On the flip side, when the developer completes the project don’t be surprised if they have made some amendments to the floor plans or substituted different finishes or fittings.
While they have the right to do so in the contract, you’ll usually find the changes are in their favour and not yours.
You see...developers generally insert a clause in an off-the-plan sales contract that allows them to vary the property within a certain percentage if they chose to do so, and without the buyer having any recourse.
8. Rental guarantees are not as solid as you might think
Often developers will offer a rental guarantee to entice investors who might be more focused on their cash flow and worried about vacancies.
The problem is you pay for these rental guarantees in the purchase price, which is another cost that inflates the apartment’s already premium price.
And once the guarantee expires, the rental income reverts back to the going market rate which is usually lower than that offered in the guarantee.
9. Excessive Owners Corporation fees
Generally, owner's corporation levies are high in these buildings diminishing your rental yields.
And don't necessarily believe the fee quotes by the project marketer as these are usually unknown and often underestimated at the time of sale.

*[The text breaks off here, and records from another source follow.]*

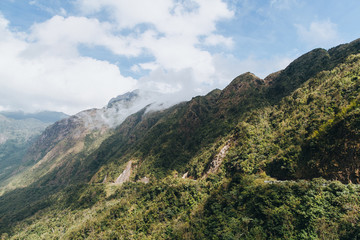 Fototapeta premium beautiful landscape with green trees on mountains and cloudy sky in Sa Pa, Vietnam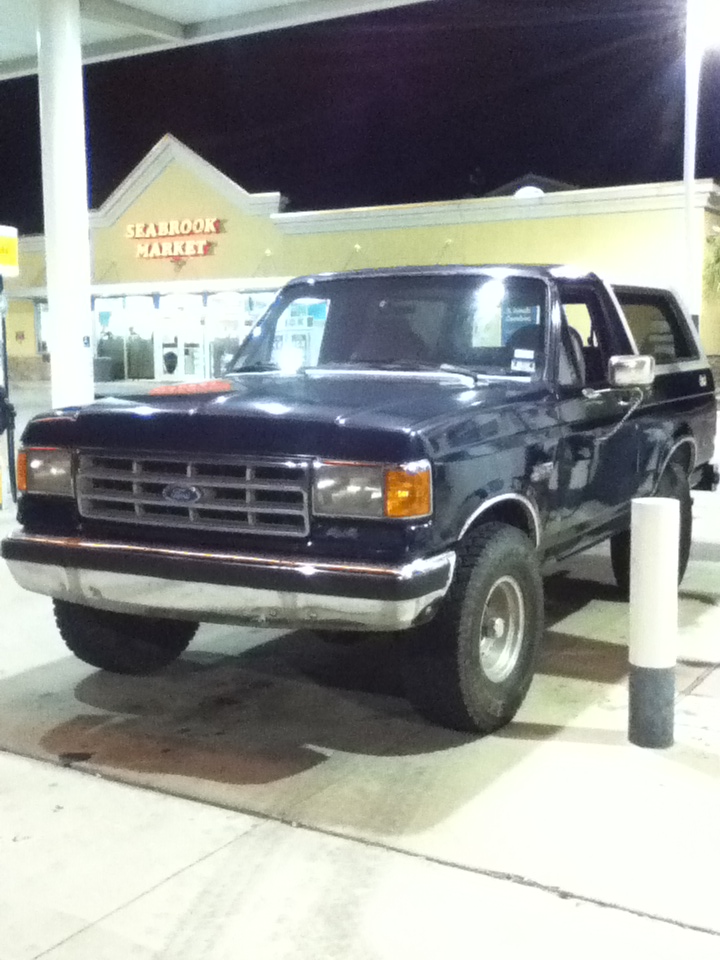 Dark blue Ford Bronco parked at a gas station, front 3/4 view. Visible damage on the front bumper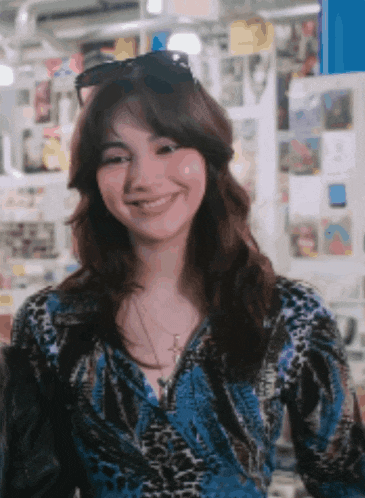 a woman wearing sunglasses and a blue shirt is smiling for the camera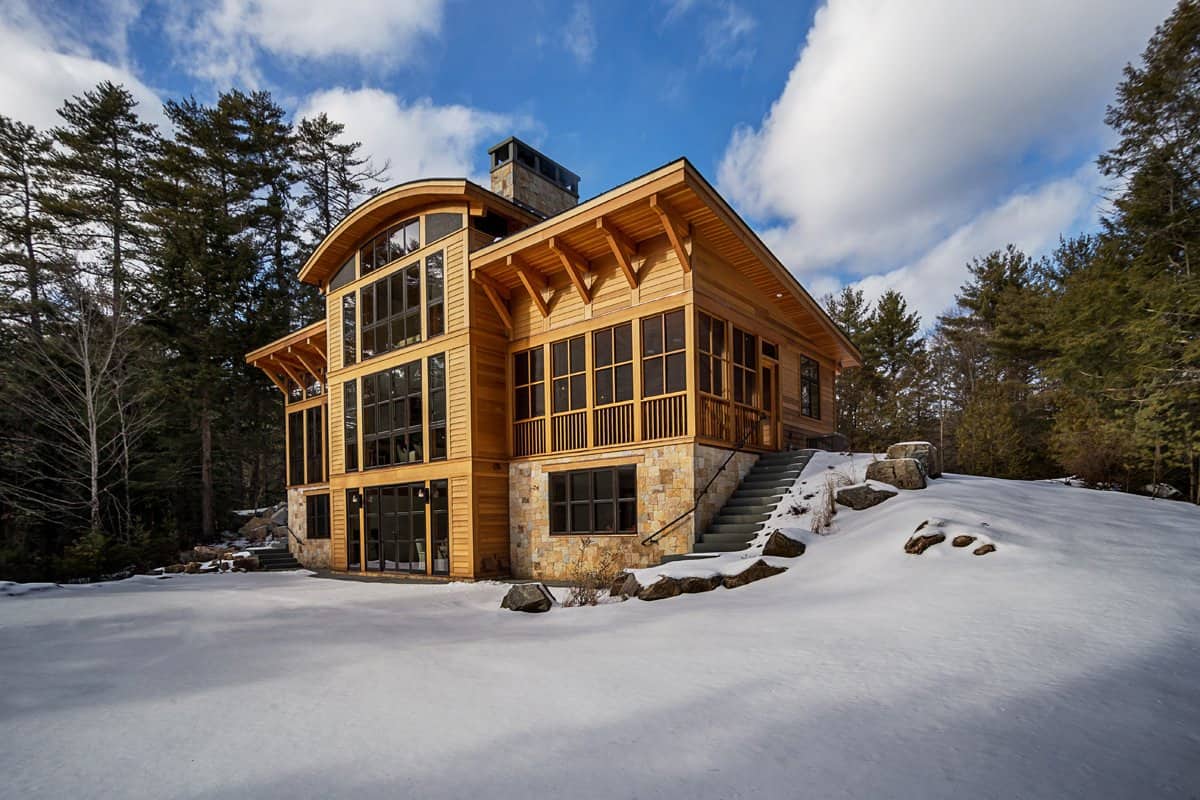 hilltop-lake-house-exterior-with-snow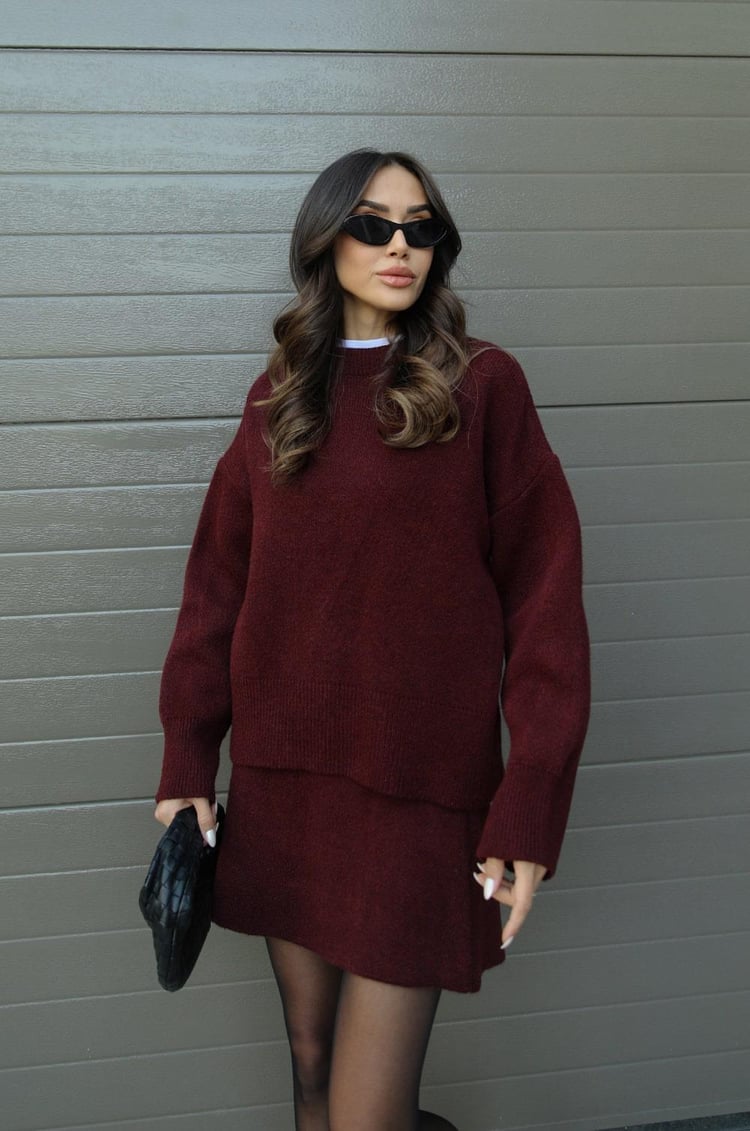 Women burgundy knit long sleeve crew neck sweater and mini skirt set, front view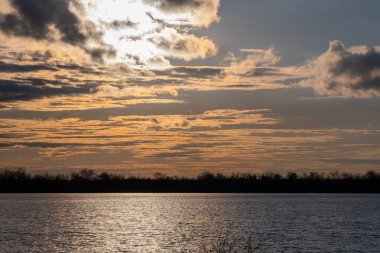 Gölün üzerinde gün batımı önplanda ağaçlar ve bulutlu gökyüzü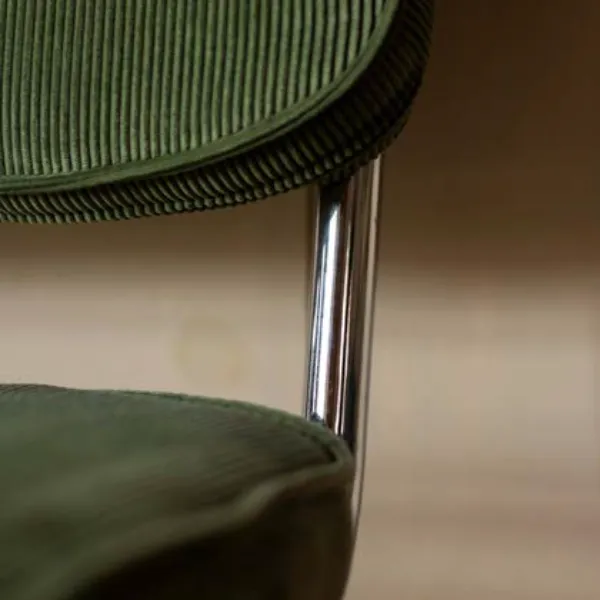 Photo en gros plan d’une chaise en velours vert, mettant en valeur les matières nobles sélectionnées par Momerable pour ses aménagements.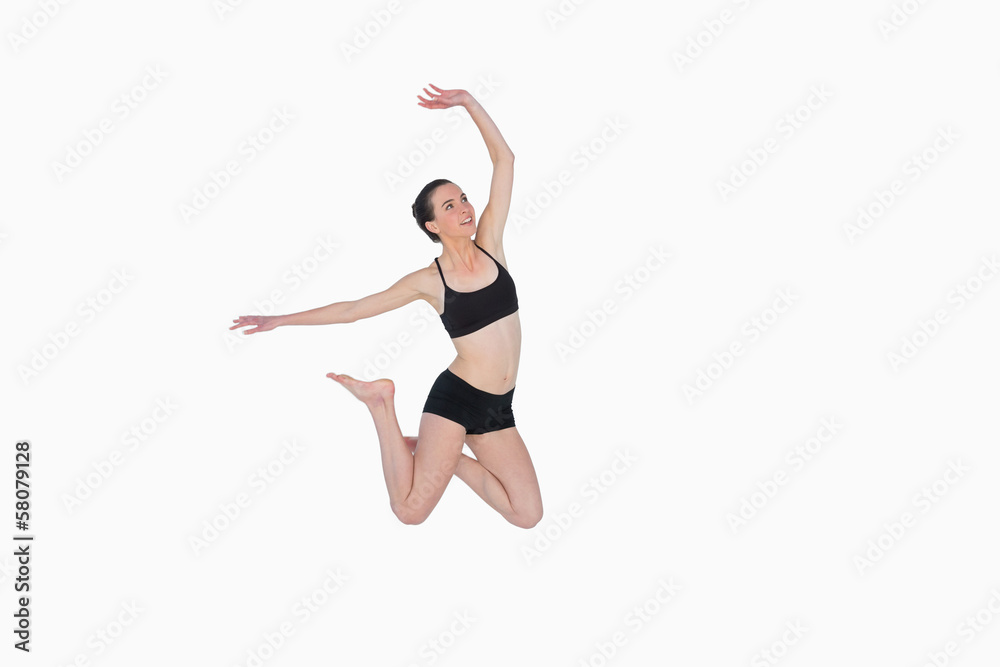 Full length of a sporty young woman jumping Full length of a sporty young woman jumping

Remember many of these buildings require expensive upkeep of their lifts, grounds, gardens, pools, and gyms.
Then give it a few years the ongoing maintenance costs start creeping in with the need to upgrade, paint and replacing of items.
Some of these problems could be avoided by buying from developers with a good track record and buying in buildings in prime locations, as there always seems to be a bigger demand for units in these buildings.
Also while buying off the plan has the potential for capital growth, if you bought a completed property it should also grow over the same 12 to 18 months you were waiting for your off-the-plan purchase to settle.
With a two or more year time-frame for the completion of most high-rise projects, it is very difficult to predict what the future will hold so I feel you should receive a sizeable discount for all the uncertainty of buying off the plan.
There is uncertainty about what the property markets will be like on completion, what will the interest rate be then, will the standard of finish be as good as in the display unit or will the developer has cut corners, and what will be built in the future alongside, behind, or in front of the project.
What appears to be a great view today may be totally blocked out in two years’ time.
To cover all these uncertainties, surely you should be buying at a substantial discount, but in reality, you are usually paying a premium – therefore giving your developer your first couple of years’ capital growth (and he doesn’t deserve it).
I prefer buying established apartments and to ensure I buy a property that will outperform the market averages I use a Strategic Approach. I buy:
- A property that will appeal to owner-occupiers (because they’re the ones that push up property values.)
- Below its intrinsic value – that’s why I avoid new and off-the-plan properties, which come at a premium price.
- In an area that has a long history of strong capital growth and which will continue to outperform the averages.
- I only buy properties with a substantial land to asset ratio
- I look for a property with a twist – something unique, special, different or scarce about the property, and finally
- A property where I can manufacture capital growth through refurbishment, renovations or redevelopment.
By using a strategic approach I minimise my risks and maximise my upside.
Each strand represents a way of making money from property and combining all five is a powerful way of putting the odds in my favour. If one strand lets me down, I have three or four others supporting my property’s performance.